As you might expect, the current Gwent player base is comprised of experienced players who spent time with the game in The Witcher 3. Even though there’s been changes since then, these players have a marked advantage over the newcomer.
Once Gwent is open to all comers, it’ll be easier to stay competitive online. However, speaking purely about the closed beta, the high skill level can make it difficult to make any progress as a novice.
Currently, players don’t receive experience for losing a game, only for picking up a win. The only reward you get for participation is the chance at a few scraps, which can later be used to pay for individual cards — and even this is at the discretion of your opponent.
The result is a situation where newcomers can hit a wall early on. It’s almost impossible to make improvements to your deck without racking up wins, outside of spending real-world money. And if you’re matched up with players who have already put some time into building a formidable deck, you might end up in trouble.
This isn’t a game that’s developed just because Hearthstone is a financial success
Given the decision to limit experience gains to outright wins, it will be interesting to see how easy it is to level up and unlock abilities like card milling when Gwent is ready for the masses. It may be that the planned campaign mode will allow players to earn new cards, which would be a smart way to prepare novices for the challenges of online multiplayer.
Of course, there are plenty of questions to be asked about the campaign, given that we know next to nothing about it. A straightforward series of computer-controlled opponents would be fine as a training tool, but card and deck restrictions would make the mode more enticing for experts. It’s difficult to predict what role CD Projekt Red expects the game’s single-player content to fill.
Gwent is a solid game. But there are some parts of it that could stand to be improved before it launches.

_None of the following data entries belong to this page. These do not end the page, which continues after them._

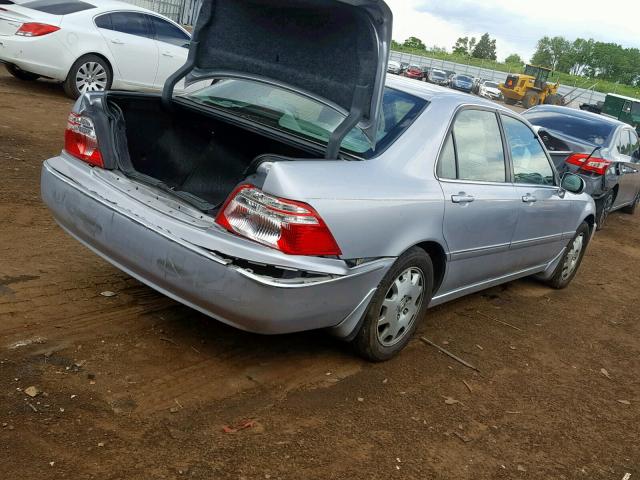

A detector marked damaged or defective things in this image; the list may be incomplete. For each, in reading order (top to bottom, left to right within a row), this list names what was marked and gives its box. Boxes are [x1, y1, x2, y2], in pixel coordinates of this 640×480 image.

rear bumper damage [42, 158, 392, 338]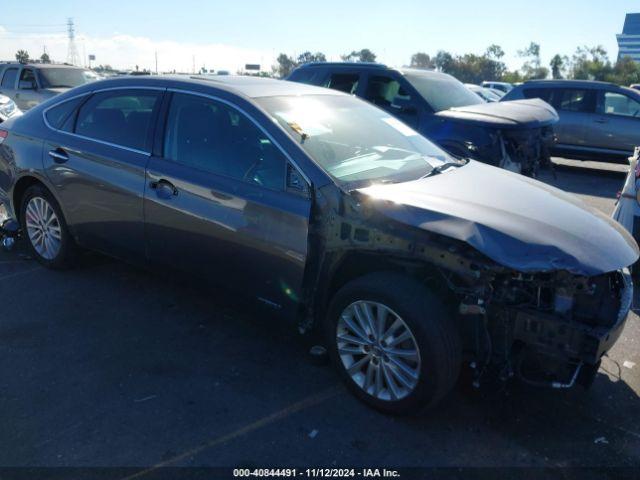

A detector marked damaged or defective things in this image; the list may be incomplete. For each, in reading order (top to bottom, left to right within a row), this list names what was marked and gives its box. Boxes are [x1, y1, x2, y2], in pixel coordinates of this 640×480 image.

damaged hood [438, 98, 556, 130]
gray damaged sedan [0, 75, 636, 412]
damaged hood [358, 160, 636, 274]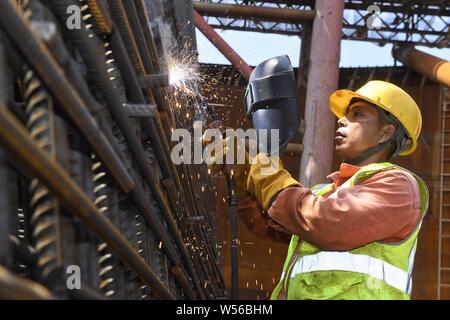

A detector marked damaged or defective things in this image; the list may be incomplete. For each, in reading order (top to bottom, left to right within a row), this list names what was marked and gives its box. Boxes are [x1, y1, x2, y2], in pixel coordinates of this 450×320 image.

rusty metal pipe [0, 0, 134, 192]
rusty metal pipe [194, 11, 253, 81]
rusty metal pipe [192, 1, 314, 24]
rusty metal pipe [394, 45, 450, 88]
rusty metal pipe [0, 104, 175, 300]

Deckbuilding on the Xbox One feels clunky. The controller is the biggest issue — a mouse cursor would be much more useful — so it shouldn’t be too easy to find a solution. The ability to build decks from a mobile app, or perhaps in-browser, would be fine, as would a slightly refined interface on console.
There’s also a disconnect between you and your opponent. This goes to show the strength of the stock emotes in Hearthstone, which allow players to communicate without throwing open the floodgates for foul language and abusive speech. Gwent players can only interact using the post-match GG mechanic to offer a small reward, which is an interesting mechanic in its own right, but doesn’t allow for the same sense of friendly competition as a well-placed ‘Oops’ or ‘Thanks’ in Hearthstone.

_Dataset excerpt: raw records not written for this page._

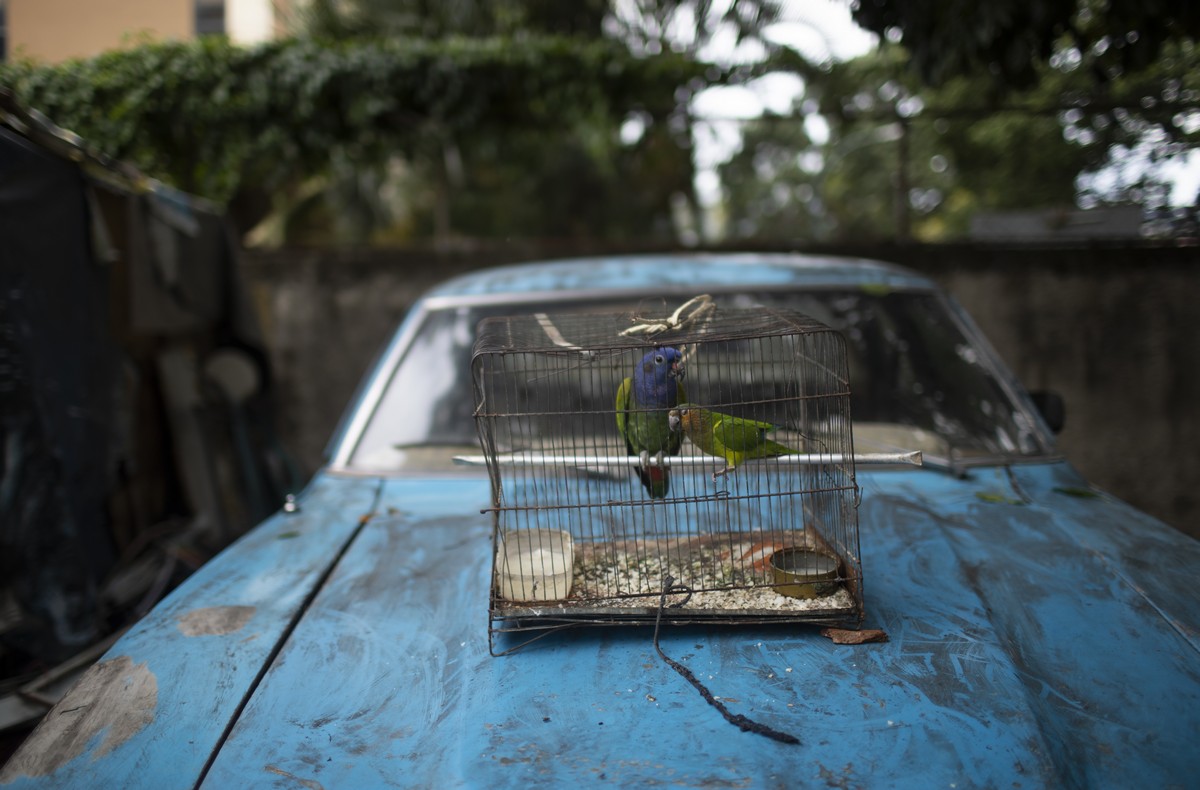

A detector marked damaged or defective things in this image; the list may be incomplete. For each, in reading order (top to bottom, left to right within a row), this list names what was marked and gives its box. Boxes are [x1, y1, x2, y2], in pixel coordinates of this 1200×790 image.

rusty wire cage [468, 304, 872, 648]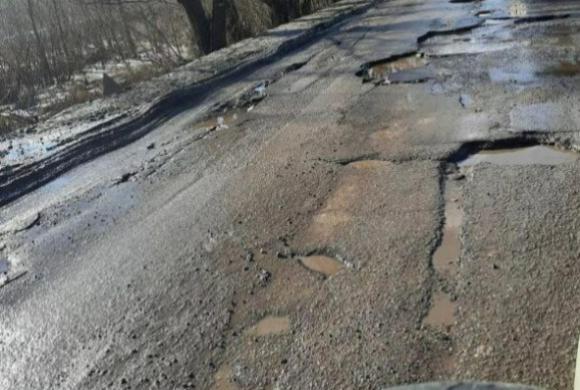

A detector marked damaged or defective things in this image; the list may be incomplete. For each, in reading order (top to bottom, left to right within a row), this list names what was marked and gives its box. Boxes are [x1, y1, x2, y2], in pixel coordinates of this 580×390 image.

pothole [456, 145, 576, 166]
water-filled pothole [458, 145, 580, 166]
pothole [300, 256, 344, 278]
water-filled pothole [300, 256, 344, 278]
pothole [424, 292, 456, 330]
pothole [245, 316, 290, 336]
water-filled pothole [245, 316, 290, 336]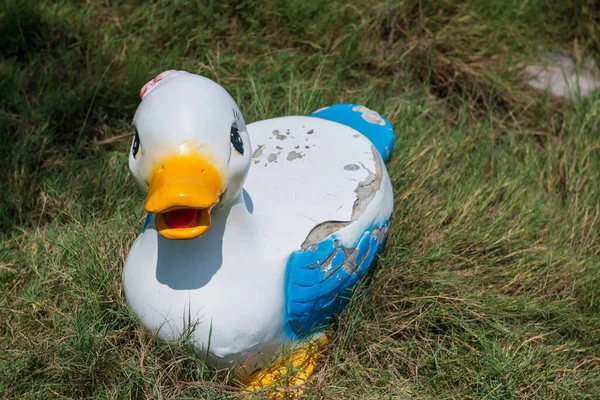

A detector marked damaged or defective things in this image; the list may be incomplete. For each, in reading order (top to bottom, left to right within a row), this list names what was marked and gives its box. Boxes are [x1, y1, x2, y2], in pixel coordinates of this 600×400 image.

chipped paint patch [352, 105, 384, 126]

Yet there are areas where Gwent manages to outclass its biggest competition. Purchasing and opening kegs, which are used to gain cards, is an entertaining experience, because the game’s sense of humor is more mature than that of the family-friendly Hearthstone. Younger players will still be able to enjoy Gwent, but it’s not quite as cartoonish as Blizzard’s smash hit.
Speaking of kegs, Gwent offers a clever twist on the process of gaining new cards. The last card received presents a choice between three cards. This makes the process more interactive, drawing players into the experience and giving a better sense of control over deck-building, even if randomness remains a major factor.
That kind of subtle twist is what makes Gwent enjoyable. This isn’t a game that’s being developed just because Hearthstone is a financial success. It’s an honest attempt at fleshing out the genre with something new. If CD Projekt Red can make sensible changes based on feedback from the beta, then there’s every chance that Gwent will find a passionate community.